▶ Raw data:
- Opening Delimiter -
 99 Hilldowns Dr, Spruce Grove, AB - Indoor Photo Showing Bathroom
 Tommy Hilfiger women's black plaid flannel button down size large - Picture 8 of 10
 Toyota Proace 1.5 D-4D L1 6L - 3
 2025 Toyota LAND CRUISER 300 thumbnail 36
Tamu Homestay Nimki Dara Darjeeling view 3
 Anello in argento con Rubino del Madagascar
- Closing Delimiter -
- Opening Delimiter -
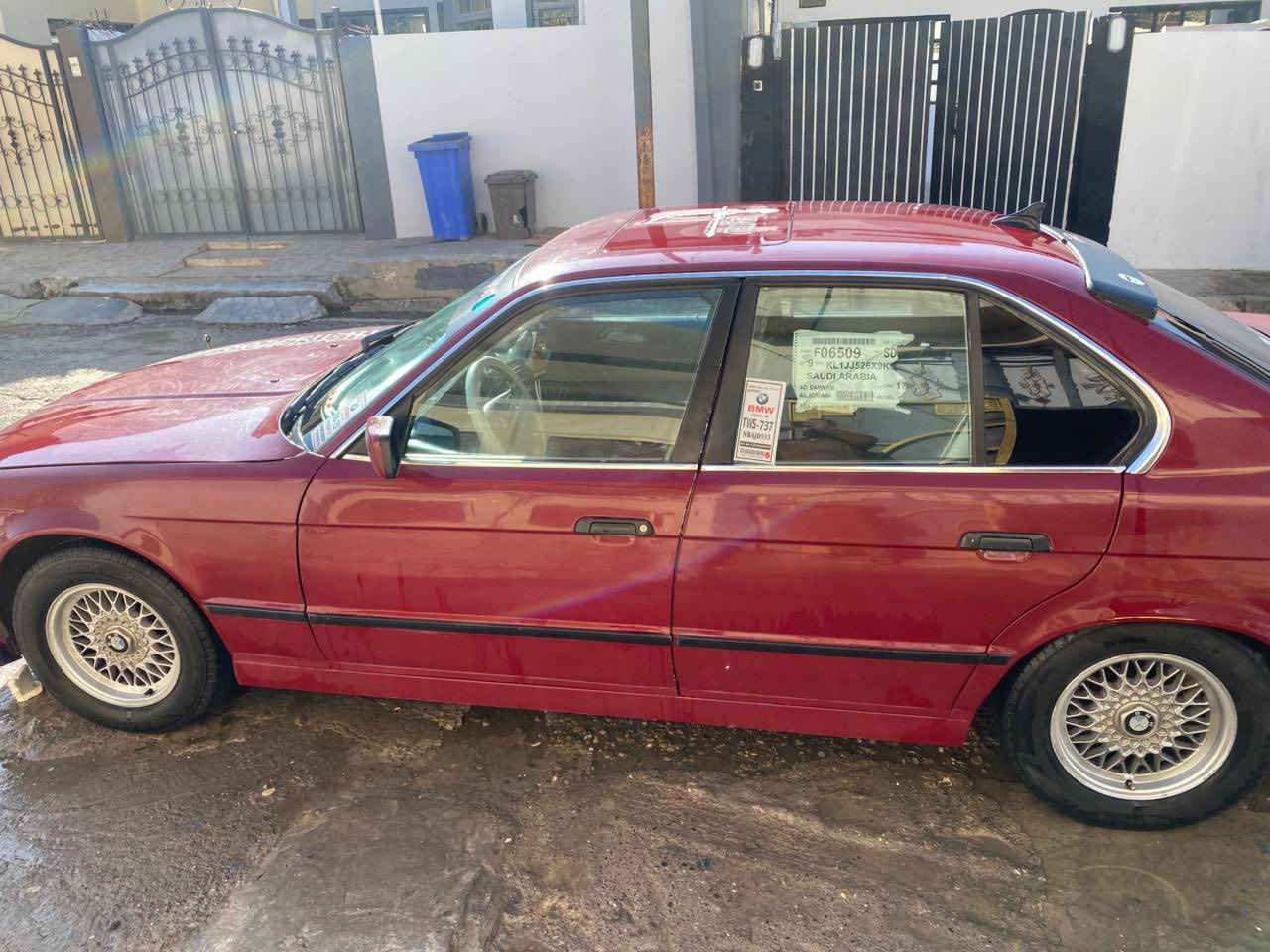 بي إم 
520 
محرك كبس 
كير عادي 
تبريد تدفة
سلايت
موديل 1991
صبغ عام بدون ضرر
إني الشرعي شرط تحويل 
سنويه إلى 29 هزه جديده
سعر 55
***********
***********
- Closing Delimiter -
▶ Required action: The required answer is the run of lines above, starting at the line with "2025 Toyota LAND CRUISER 300 thumbnail 36" and ending at the line with "Anello in argento con Rubino del Madagascar", reproduced exactly with both ends.

▶ Exercise output:
 2025 Toyota LAND CRUISER 300 thumbnail 36
Tamu Homestay Nimki Dara Darjeeling view 3
 Anello in argento con Rubino del Madagascar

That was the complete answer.